What to do → All lines from the one with "Tokyo Talkies Chic Black Ruffle Mini Skirt" through the final line below are to be reproduced exactly; omit the others.

### Source information ###

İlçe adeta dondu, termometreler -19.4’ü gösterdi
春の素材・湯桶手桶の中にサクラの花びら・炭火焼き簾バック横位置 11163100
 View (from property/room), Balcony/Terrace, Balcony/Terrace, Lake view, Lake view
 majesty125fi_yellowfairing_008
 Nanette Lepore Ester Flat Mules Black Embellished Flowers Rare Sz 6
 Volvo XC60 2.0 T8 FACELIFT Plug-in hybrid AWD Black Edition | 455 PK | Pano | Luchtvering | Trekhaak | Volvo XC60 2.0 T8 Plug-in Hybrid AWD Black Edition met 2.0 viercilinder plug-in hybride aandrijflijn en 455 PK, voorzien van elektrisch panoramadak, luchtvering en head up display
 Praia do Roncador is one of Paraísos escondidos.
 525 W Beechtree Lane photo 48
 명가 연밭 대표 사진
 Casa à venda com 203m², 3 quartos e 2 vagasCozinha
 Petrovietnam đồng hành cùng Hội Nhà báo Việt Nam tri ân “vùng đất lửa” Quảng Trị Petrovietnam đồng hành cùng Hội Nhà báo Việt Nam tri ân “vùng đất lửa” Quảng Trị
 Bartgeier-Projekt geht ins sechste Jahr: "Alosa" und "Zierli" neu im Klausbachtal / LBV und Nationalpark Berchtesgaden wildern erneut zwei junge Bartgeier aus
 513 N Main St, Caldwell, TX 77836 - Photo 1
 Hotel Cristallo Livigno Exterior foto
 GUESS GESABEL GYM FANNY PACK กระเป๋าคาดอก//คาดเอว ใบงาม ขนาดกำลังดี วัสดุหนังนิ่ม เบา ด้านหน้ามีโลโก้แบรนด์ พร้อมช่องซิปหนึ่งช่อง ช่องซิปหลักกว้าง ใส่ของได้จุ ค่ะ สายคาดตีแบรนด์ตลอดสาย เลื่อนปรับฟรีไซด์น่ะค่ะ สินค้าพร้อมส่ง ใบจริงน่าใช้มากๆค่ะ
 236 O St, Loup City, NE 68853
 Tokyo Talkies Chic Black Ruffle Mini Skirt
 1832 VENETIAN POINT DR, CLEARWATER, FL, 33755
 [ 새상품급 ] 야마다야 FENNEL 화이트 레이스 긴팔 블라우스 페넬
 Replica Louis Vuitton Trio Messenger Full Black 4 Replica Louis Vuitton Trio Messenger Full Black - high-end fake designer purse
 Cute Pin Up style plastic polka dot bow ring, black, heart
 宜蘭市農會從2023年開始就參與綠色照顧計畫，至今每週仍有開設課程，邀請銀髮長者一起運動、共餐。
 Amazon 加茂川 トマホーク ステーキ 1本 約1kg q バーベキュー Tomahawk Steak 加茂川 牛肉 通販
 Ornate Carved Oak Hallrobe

###

Answer →
 Tokyo Talkies Chic Black Ruffle Mini Skirt
 1832 VENETIAN POINT DR, CLEARWATER, FL, 33755
 [ 새상품급 ] 야마다야 FENNEL 화이트 레이스 긴팔 블라우스 페넬
 Replica Louis Vuitton Trio Messenger Full Black 4 Replica Louis Vuitton Trio Messenger Full Black - high-end fake designer purse
 Cute Pin Up style plastic polka dot bow ring, black, heart
 宜蘭市農會從2023年開始就參與綠色照顧計畫，至今每週仍有開設課程，邀請銀髮長者一起運動、共餐。
 Amazon 加茂川 トマホーク ステーキ 1本 約1kg q バーベキュー Tomahawk Steak 加茂川 牛肉 通販
 Ornate Carved Oak Hallrobe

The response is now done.